The decision followed an AGP delegation's meeting with Union Home Minister Rajnath Singh in New Delhi, who asserted that the government will ensure its passage in Lok Sabha Tuesday, Bora said.
"We made a last ditch attempt today to convince the Centre not to pass the Bill.
But Singh told us clearly that it will be passed in Lok Sabha tomorrow. After this, there is no question of remaining in the alliance," Bora said in New Delhi after meeting the home minister.
The announcement followed AGP leader and former chief minister Prafulla Kumar Mahanta's statement here that the party would withdraw support to the government in the state if the Citizenship (Amendment) Bill, 2016 in passed by Lok Sabha.

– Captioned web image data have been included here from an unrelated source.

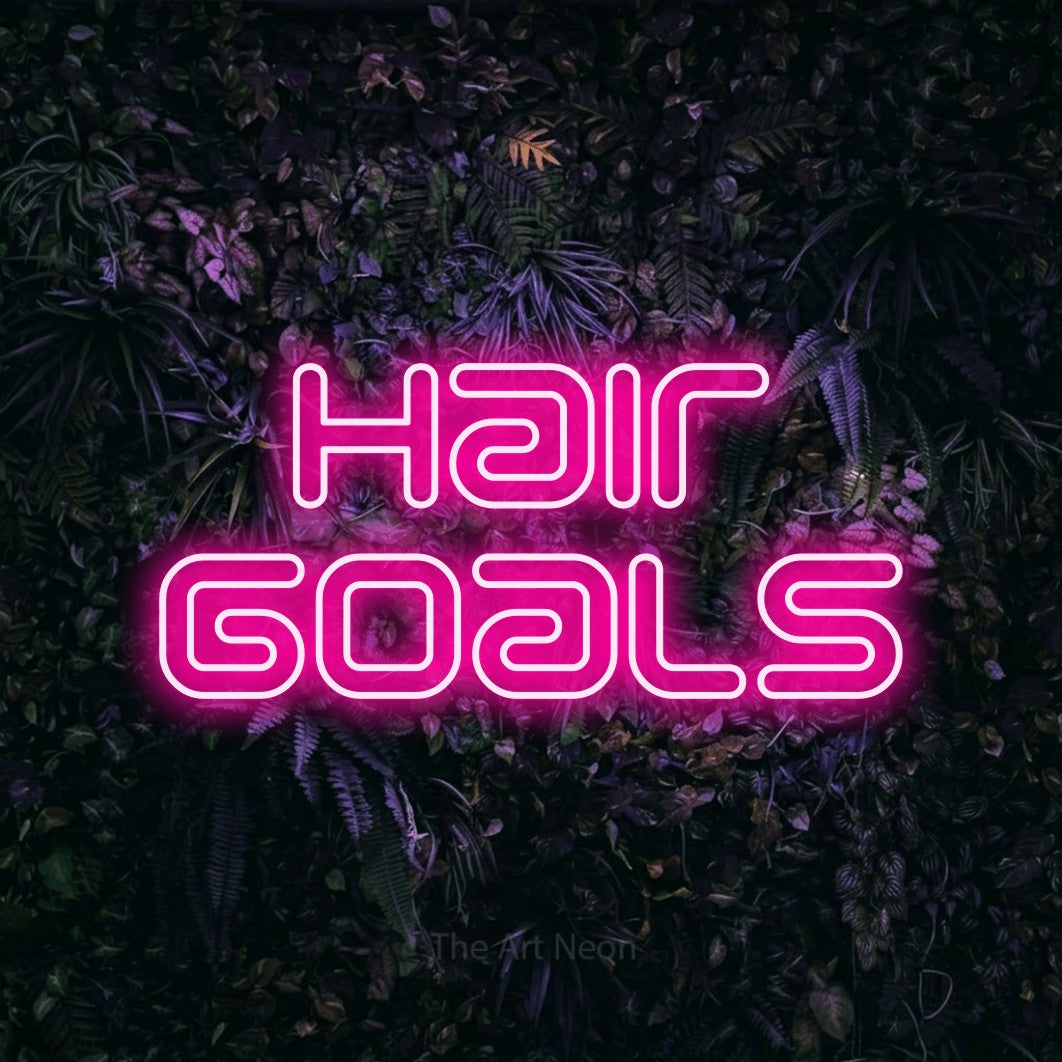LED neon sign reading “Hair Goals”, arranged in 2 lines.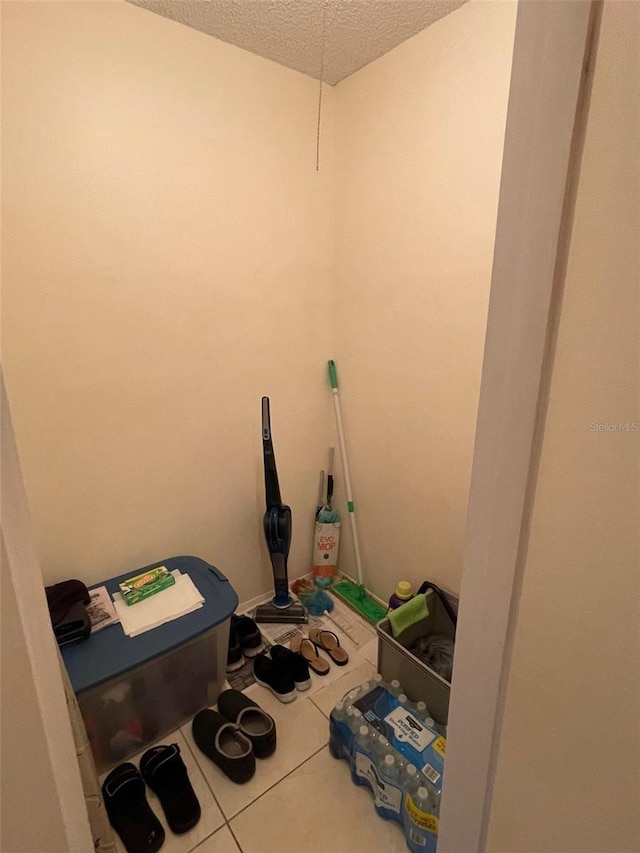 laundry room featuring a textured ceiling and tile patterned floors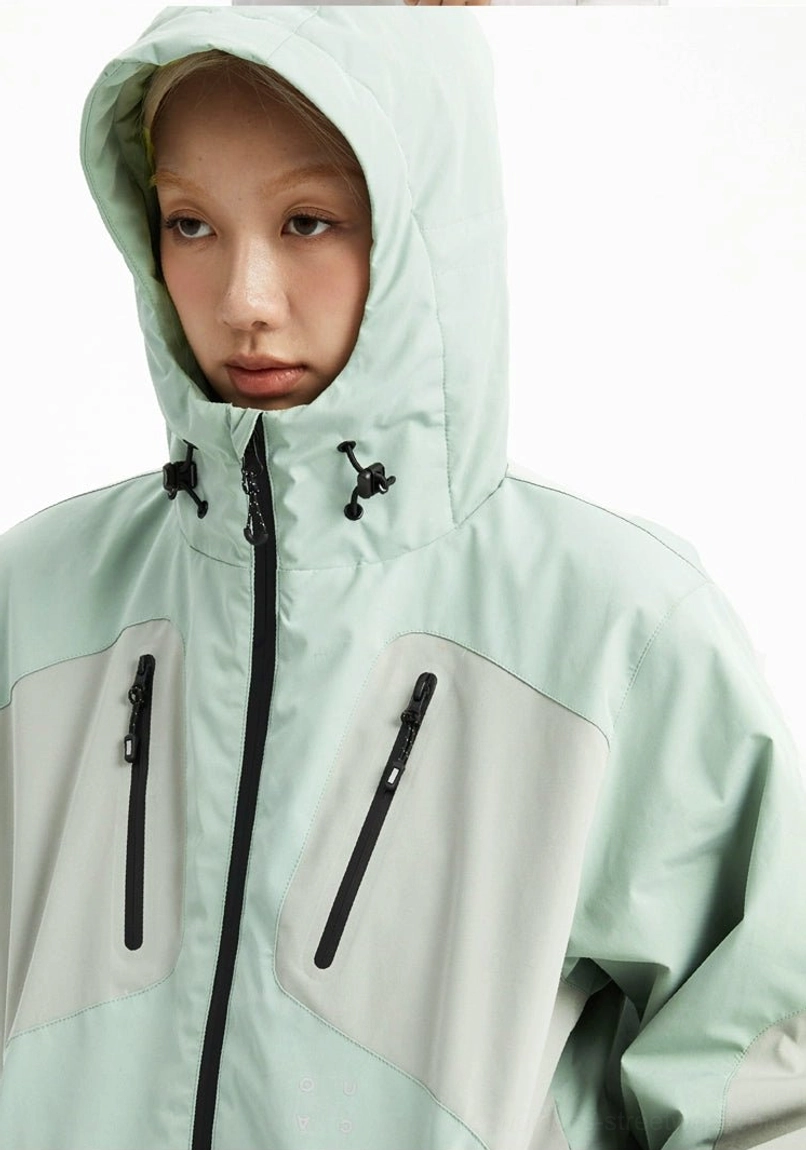 Mint green color block outdoor hooded jacket close-up with adjustable toggles, front zipper, and zippered chest pockets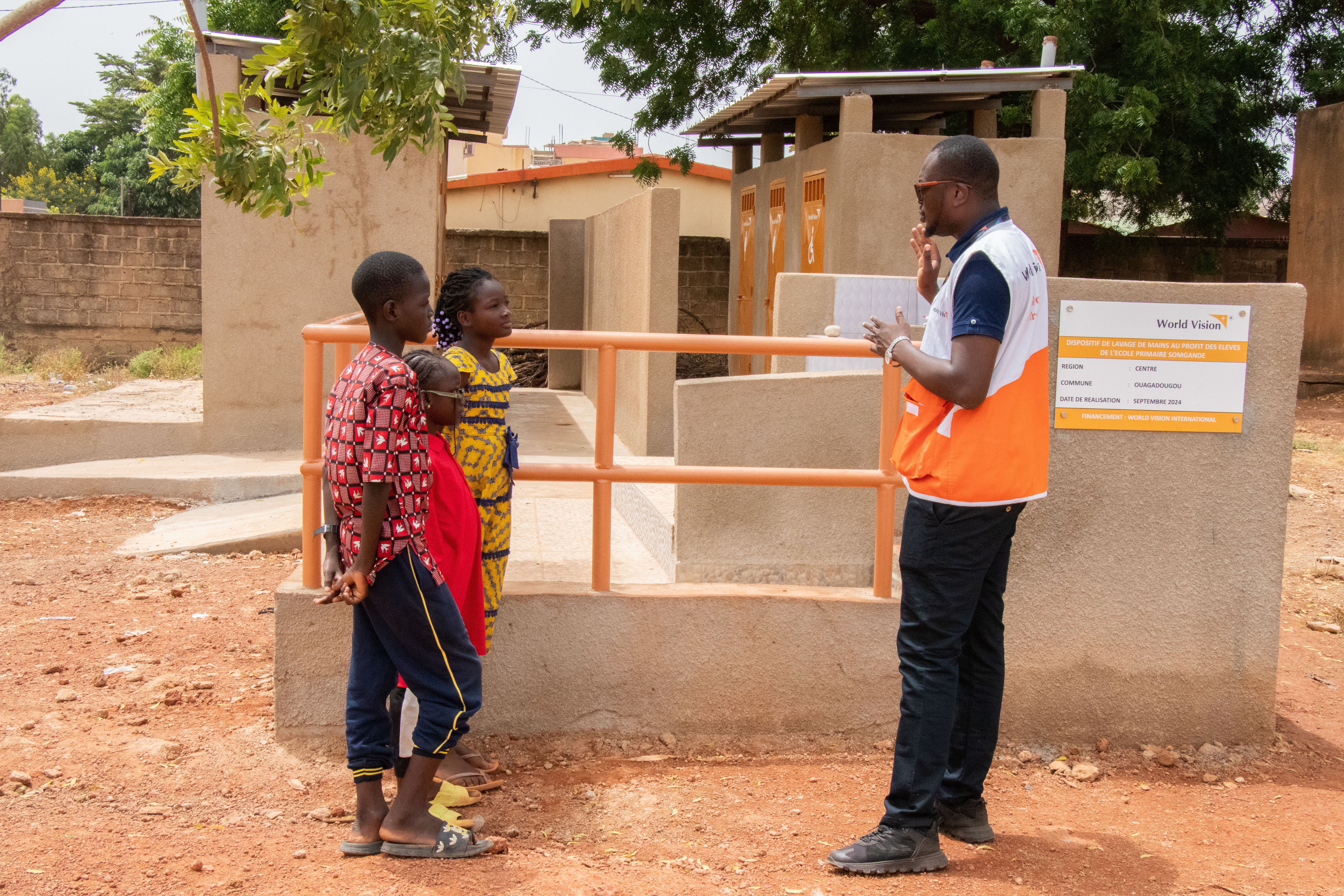 WASH officer sensitizes pupils on the use of the hand-washing device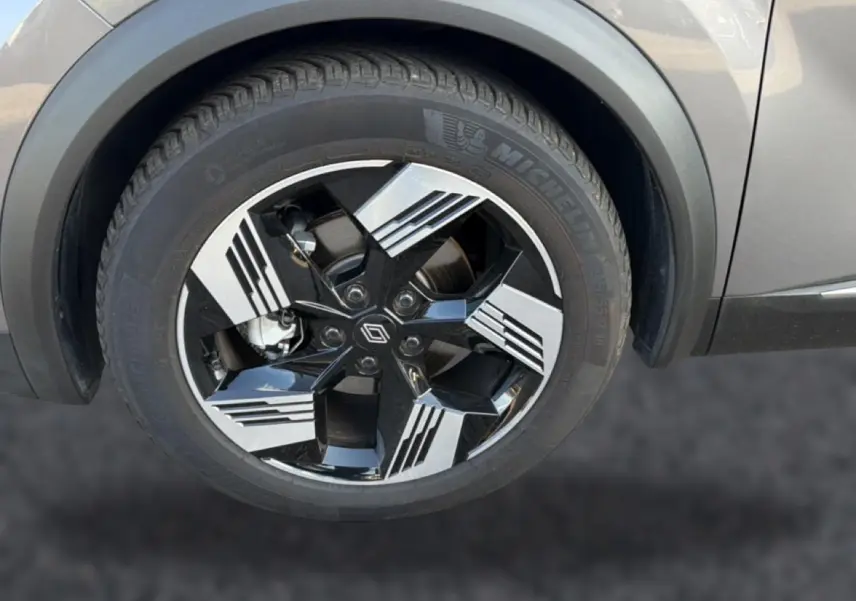 Gros plan sur la roue avant droite du Renault Symbioz gris 2025, avec jante noire et argent au design géométrique.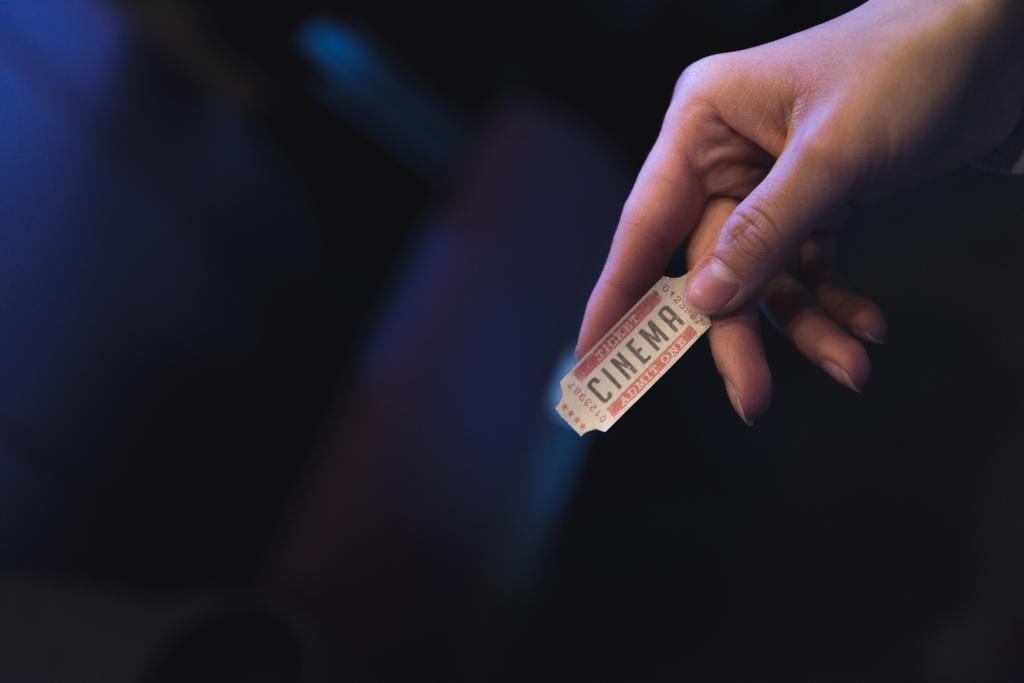 cropped view of woman holding cinema ticket in hand - Photo, Image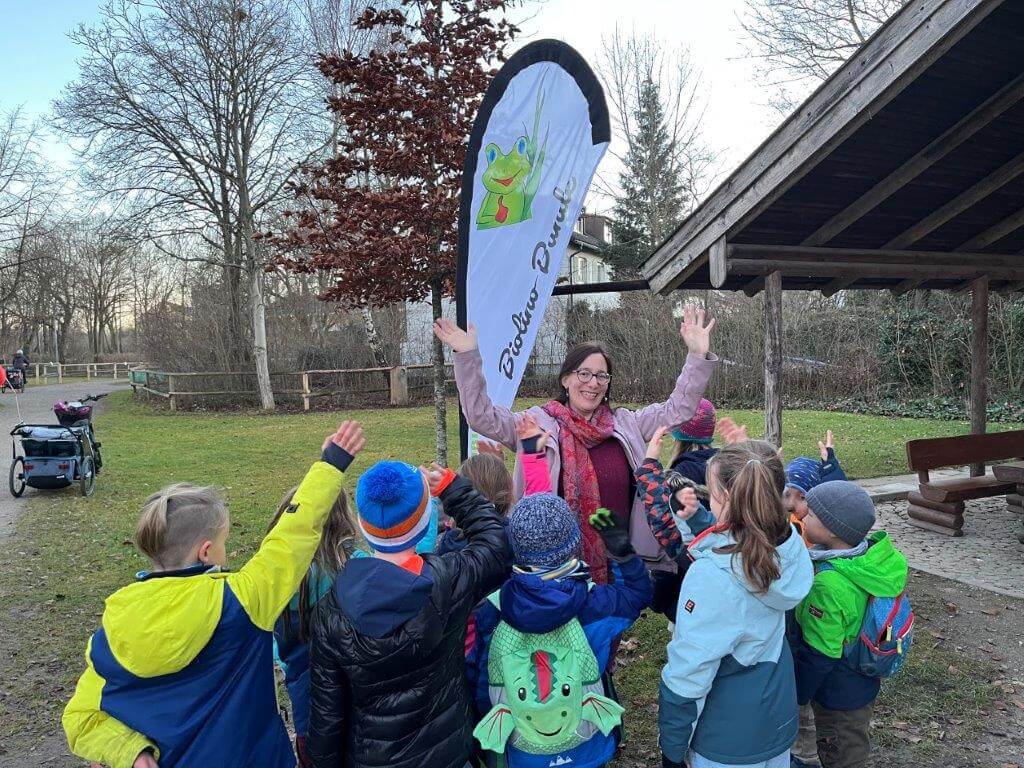 Simone Gerhardt winkt. Vor ihr stehen winkende Kinder mit dem Rücken zum Betrachter.
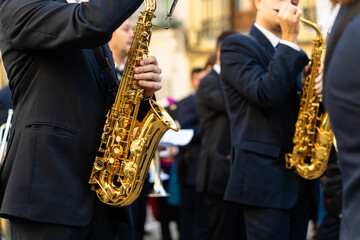 Band musicians with their instruments on the street. Typical music bands in Spain.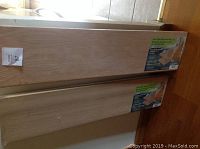 Two new wooden stair riser DIY kits, unfinished wood panels, stacked vertically against a wall with visible product labels.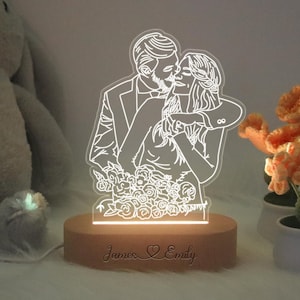 Op de afbeelding: Een houten basis met een gepersonaliseerde inscriptie "James & Emily" en een witte omtrek van een kussend stel op een transparant acryl paneel. Het stel is omringd door bloemen.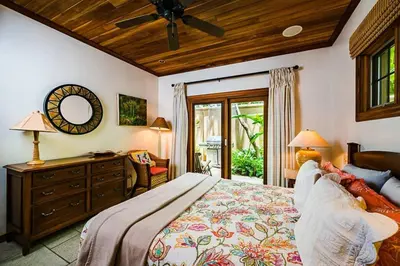 a bedroom with a bed and a ceiling fan at Sunset & OceanView Terrace, Pool, Beach and Grill in Tamarindo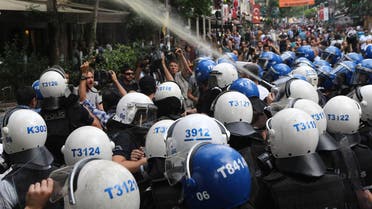    AA12 - Ankara, Ankara, TURKEY : Turkish police officers spray tear gas during a protest condemning a suicide bombing, that killed 32 activists on July 20 in the Turkish border town of Suruc, on July 25, 2015 in Ankara. Turkey's military on July 25 carried out a new wave of air and artillery strikes against Islamic State (IS) jihadists in Syria and Kurdish militants in northern Iraq, in an escalating campaign Ankara says is aimed at rooting out terror. The two-pronged operation against IS and the outlawed Kurdistan Workers Party (PKK) -- two groups who are themselves bitterly opposed -- came after a week of deadly violence in Turkey the authorities blamed on both organisations. Violence in Turkey erupted after the killing of 32 people in a suicide bombing on July 20 in the Turkish town of Suruc on the Syrian border carried out by a 20-year old Turkish man linked to IS. AFP PHOTO / ADEM ALTAN
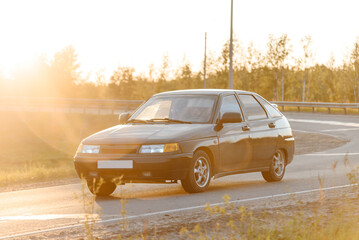 black passenger car driving along road at sunset in summer, transportation and travel concept
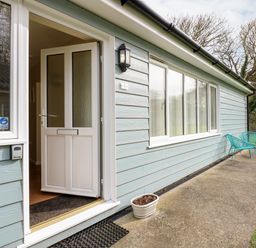 An open white door leading into a house with blue siding two blue chairs on a concrete path and grass at 1 The Dell in Mundesley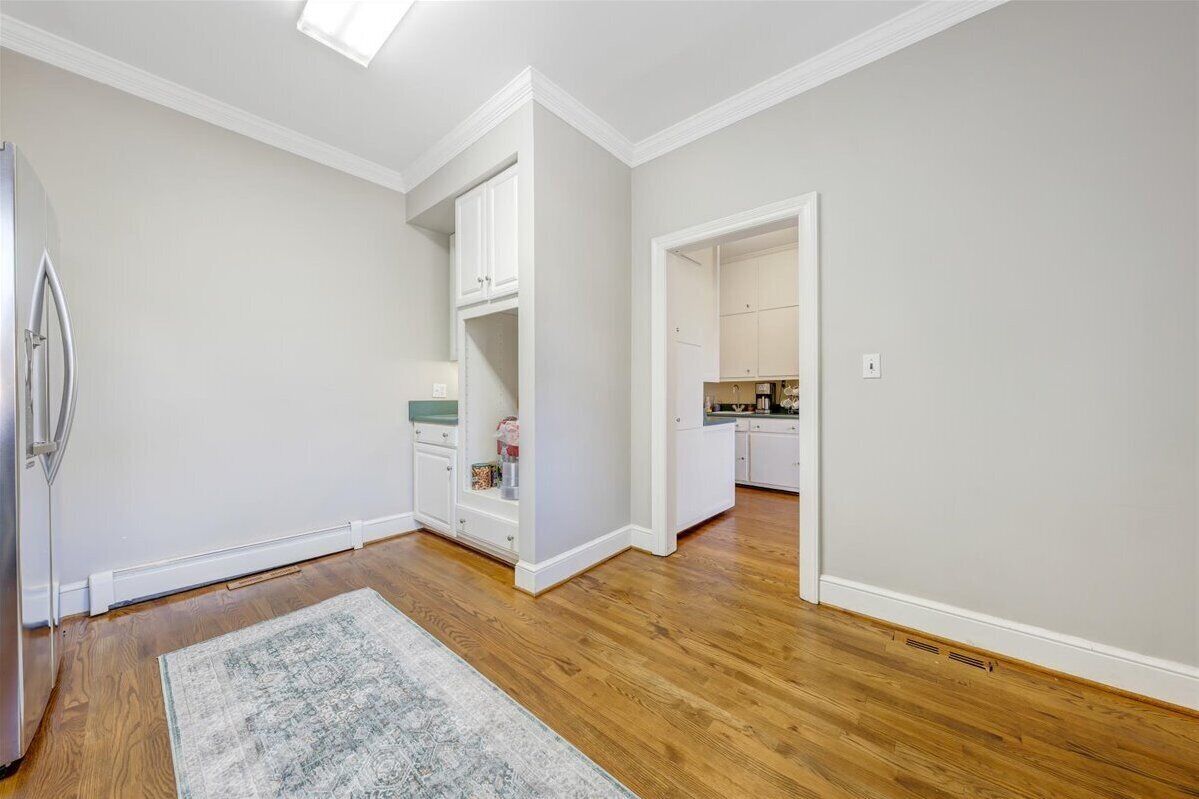 A spacious room with hardwood flooring, a built-in white cabinet, and a kitchen area visible through an open doorway.
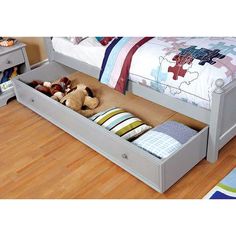 a child's bed with drawers underneath it and stuffed animals in the bottom drawer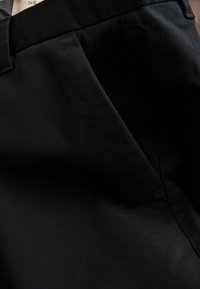 Lähikuva mustasta kangasvaatteesta, jossa näkyy sivutasku ompeleineen ja taitettu vyötärönauha.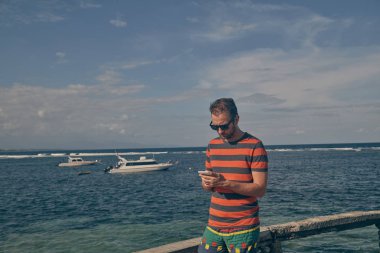 Okyanus plajında cep telefonu kullanan adam.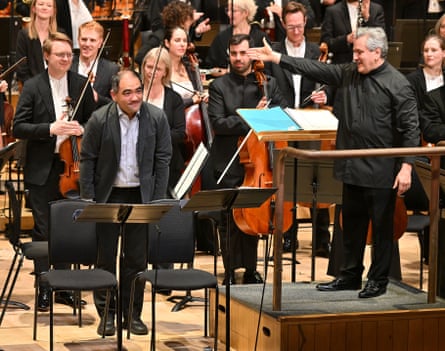 Conductor Sir Antonio Pappano gestures while smiling at Dai Fujikura standing among orchestra musicians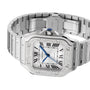The Cartier Santos de Cartier features a silver square face, Roman numerals, blue hands, diamond bezel, stainless steel bracelet, and automatic movement.
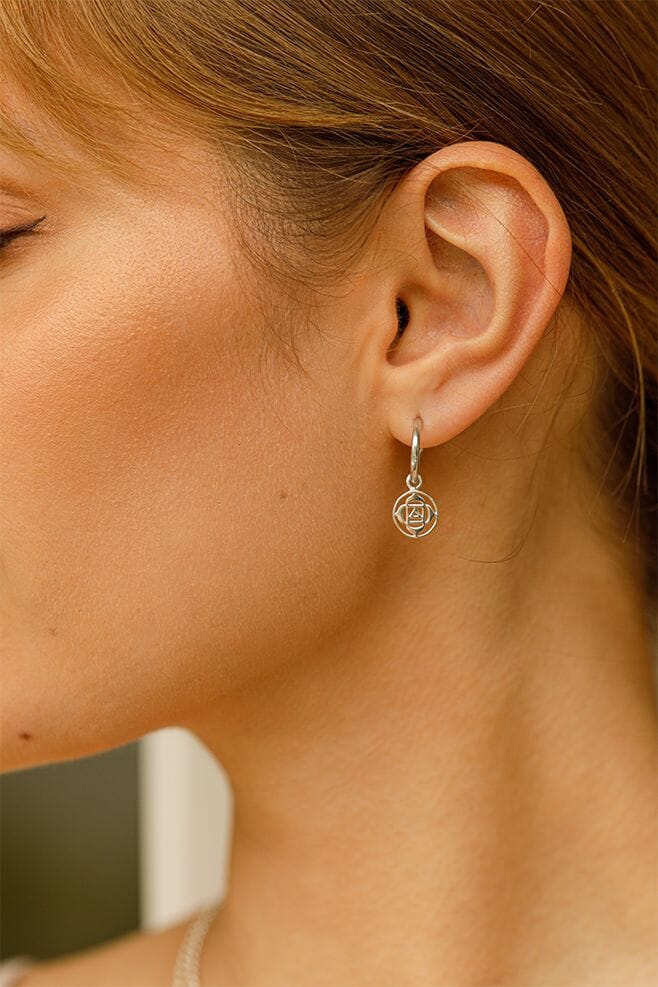These striking earrings feature a meaningful Root Chakra symbol detail, crafted in 925 Sterling Silver.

The bill seeks to amend Citizenship Act 1955 to grant Indian nationality to people from minority communities -- Hindus, Sikhs, Buddhists, Jains, Parsis and Christians -- from Afghanistan, Bangladesh and Pakistan after six years of residence in India instead of 12 even if they don't possess any proper document.
The Bill has been opposed by a large section of people and organisations in the Northeast.
The Congress, Trinamool Congress, CPI (M) and a few other parties have been steadfastly opposing the bill claiming that citizenship can't be given on the basis of religion and that it is unconstitutional.